─── Source material
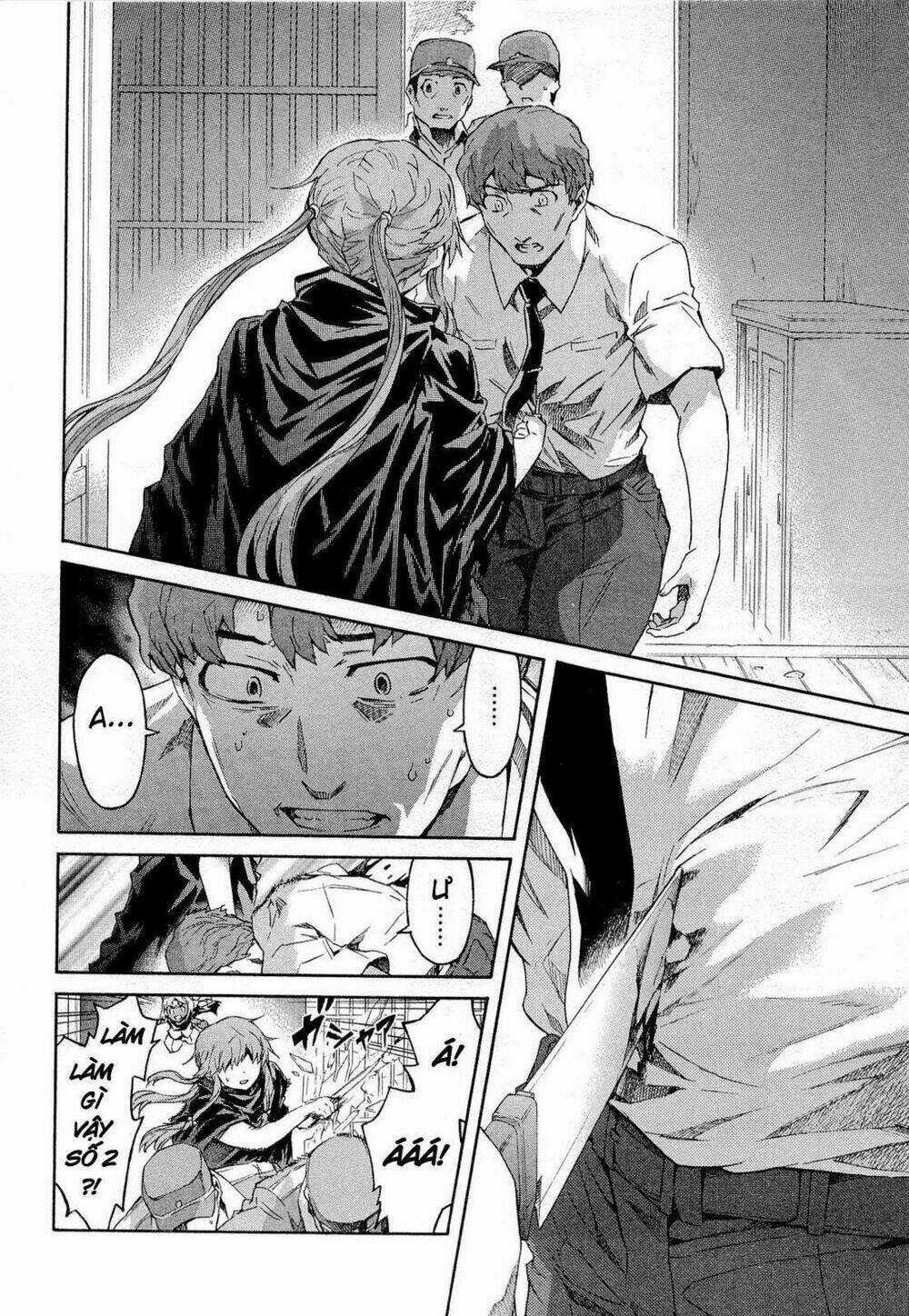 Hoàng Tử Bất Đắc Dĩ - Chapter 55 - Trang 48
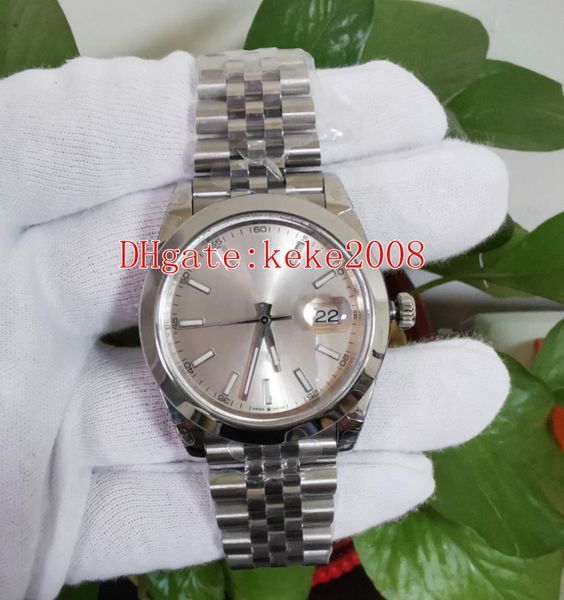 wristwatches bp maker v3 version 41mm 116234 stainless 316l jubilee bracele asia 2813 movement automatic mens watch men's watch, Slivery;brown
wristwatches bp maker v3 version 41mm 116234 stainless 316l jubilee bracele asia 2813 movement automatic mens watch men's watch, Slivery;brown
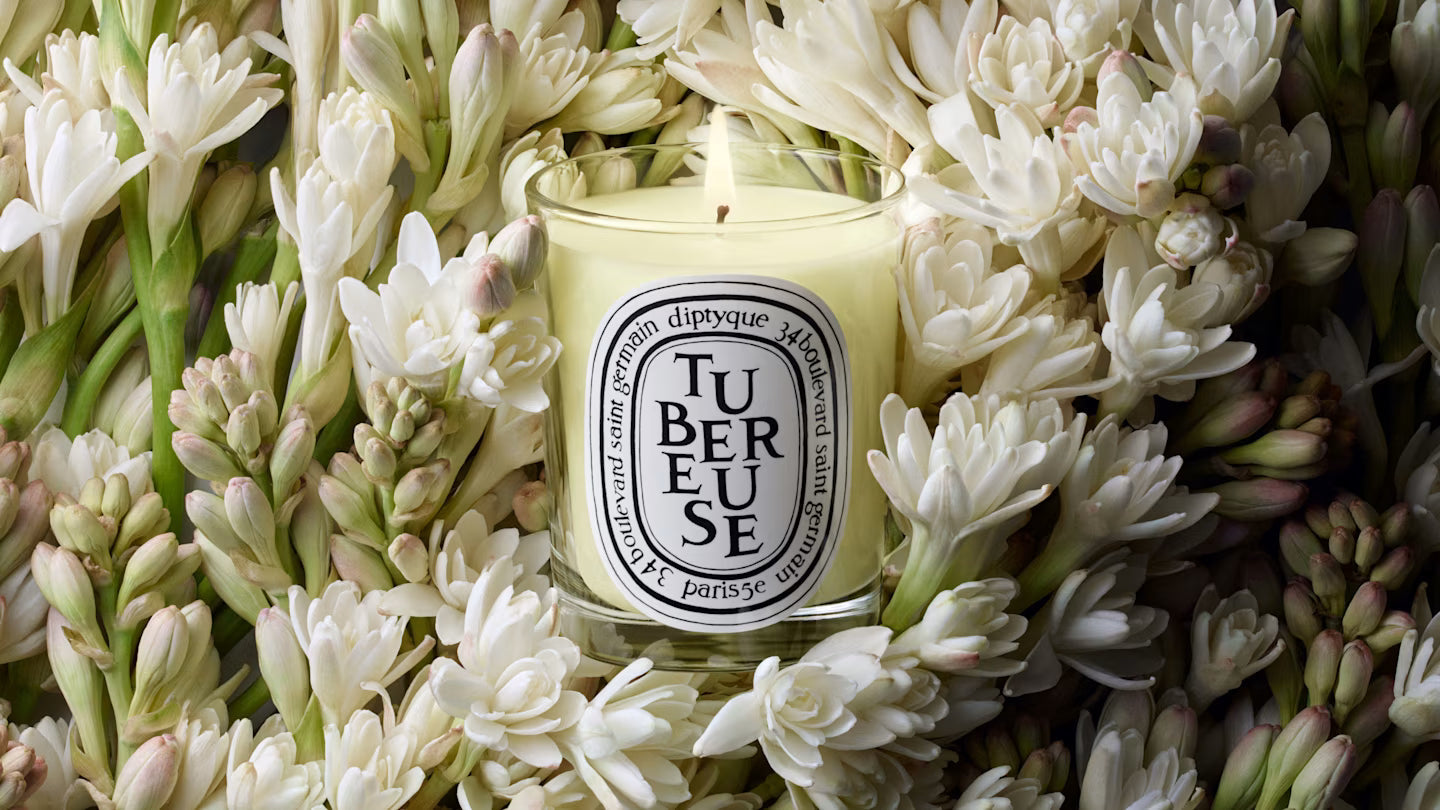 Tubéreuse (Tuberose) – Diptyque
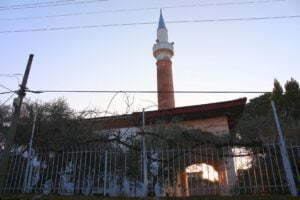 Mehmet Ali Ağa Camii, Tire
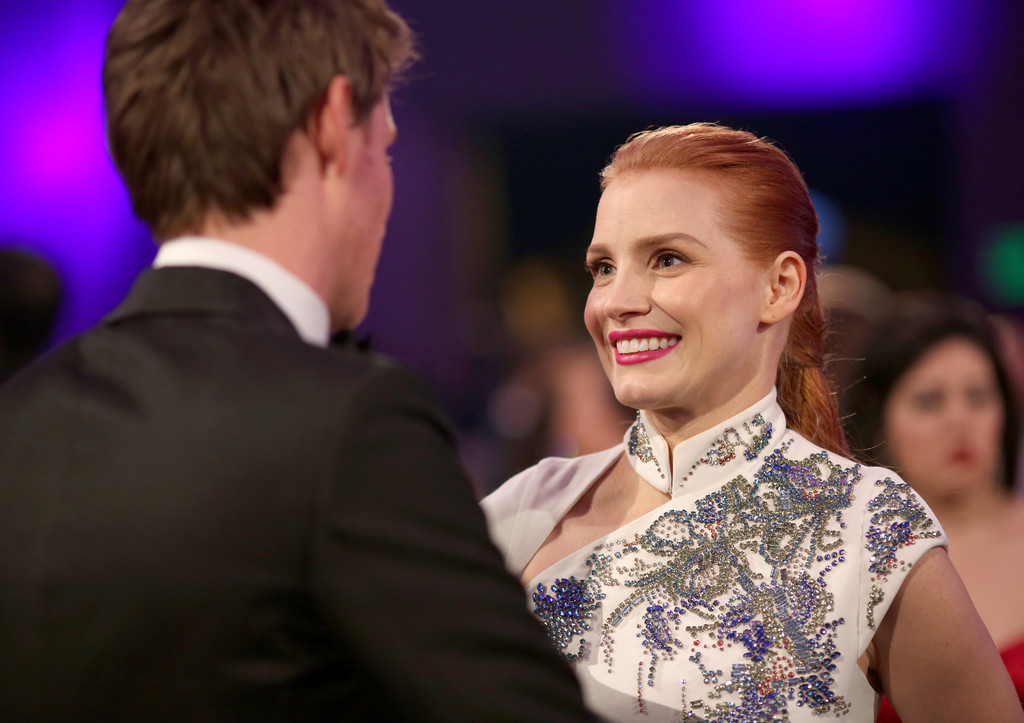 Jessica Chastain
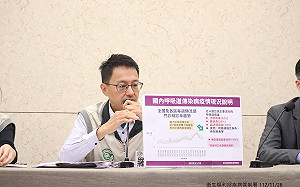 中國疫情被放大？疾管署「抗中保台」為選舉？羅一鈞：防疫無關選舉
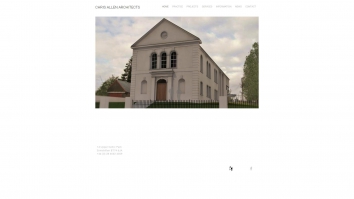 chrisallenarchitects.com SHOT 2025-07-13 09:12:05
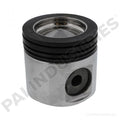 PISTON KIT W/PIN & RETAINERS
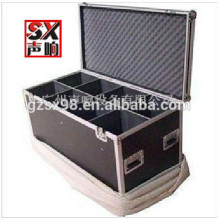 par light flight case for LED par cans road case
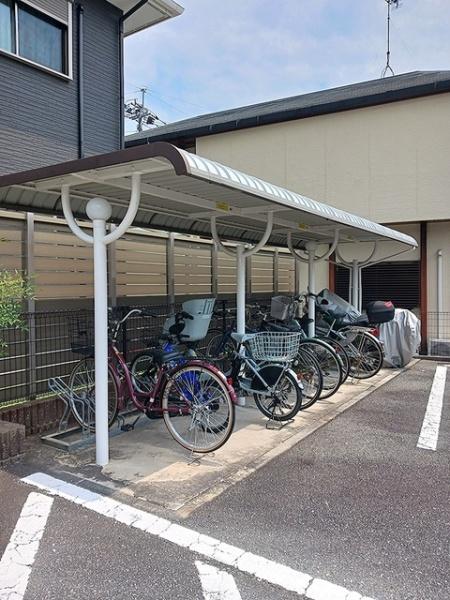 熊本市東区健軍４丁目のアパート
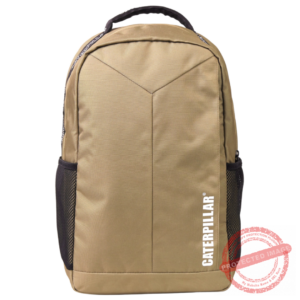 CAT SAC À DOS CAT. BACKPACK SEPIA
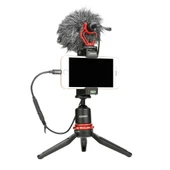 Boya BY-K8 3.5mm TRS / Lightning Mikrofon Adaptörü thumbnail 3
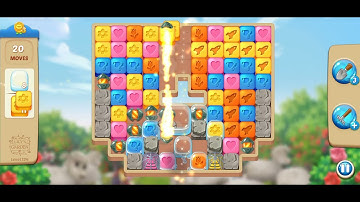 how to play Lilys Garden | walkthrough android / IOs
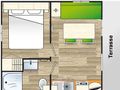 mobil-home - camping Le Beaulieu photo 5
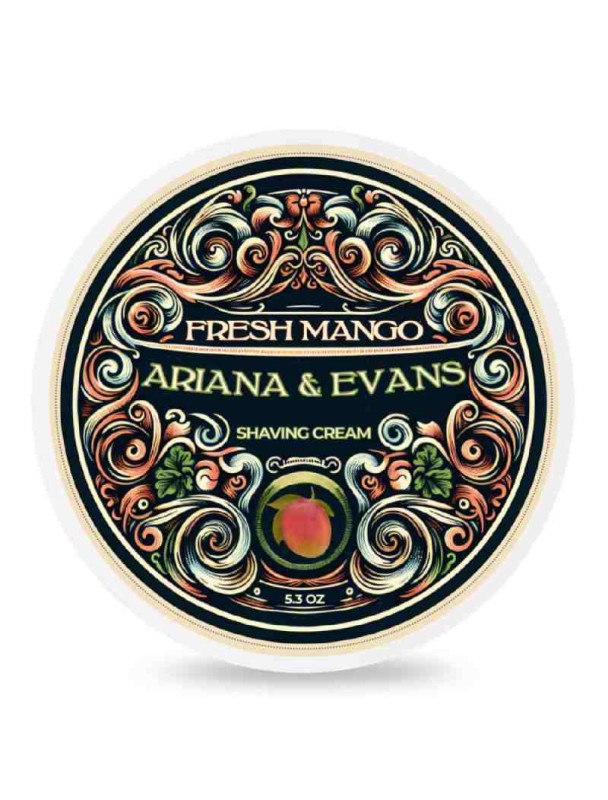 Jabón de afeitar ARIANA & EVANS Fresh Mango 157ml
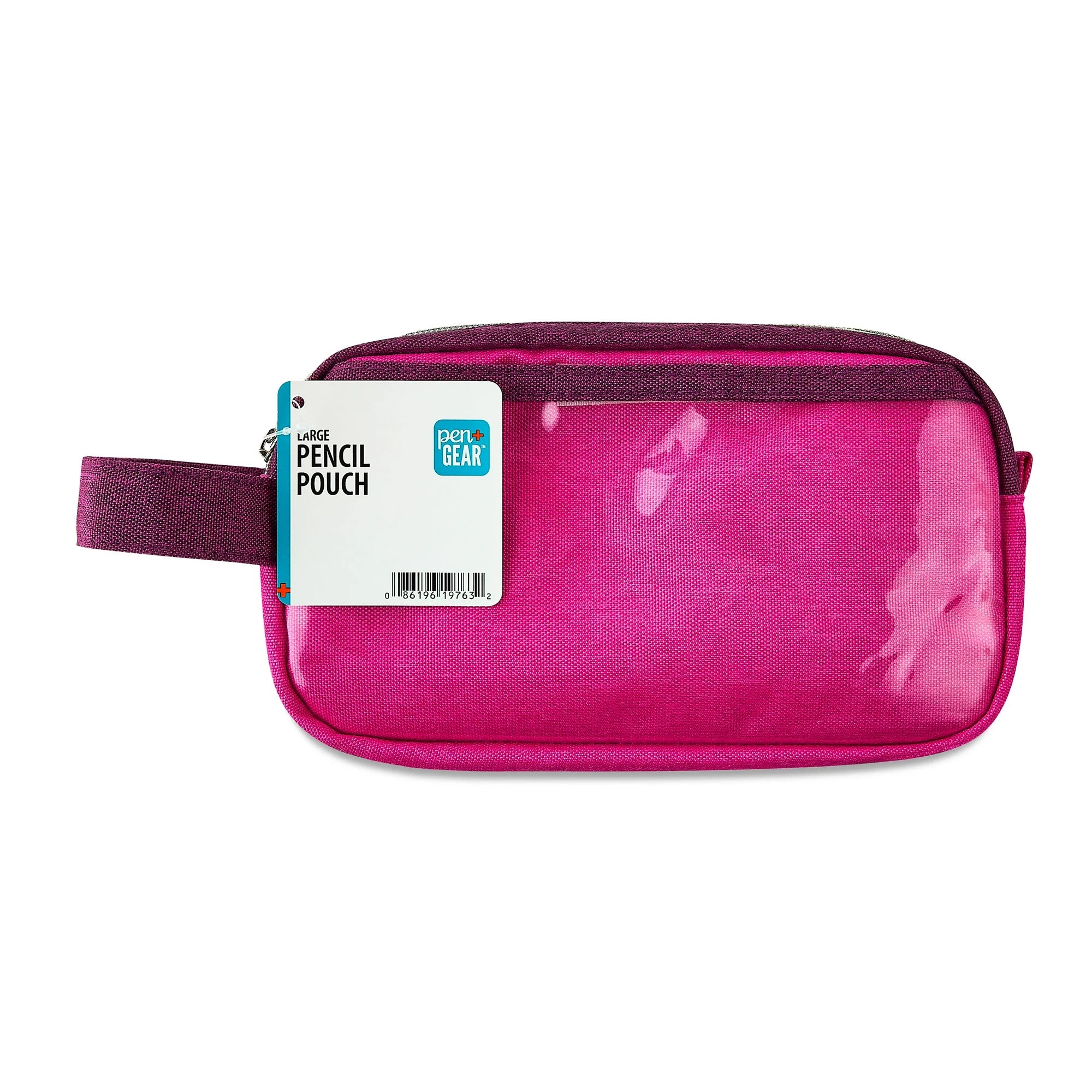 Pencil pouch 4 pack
──────
## What you should do
The line containing "Boya BY-K8 3.5mm" and all lines after it, through the last line of the records, should be returned exactly. Omit the pictures.

## Written response
 Boya BY-K8 3.5mm TRS / Lightning Mikrofon Adaptörü thumbnail 3
 how to play Lilys Garden | walkthrough android / IOs
 mobil-home - camping Le Beaulieu photo 5
 Jabón de afeitar ARIANA & EVANS Fresh Mango 157ml
 Pencil pouch 4 pack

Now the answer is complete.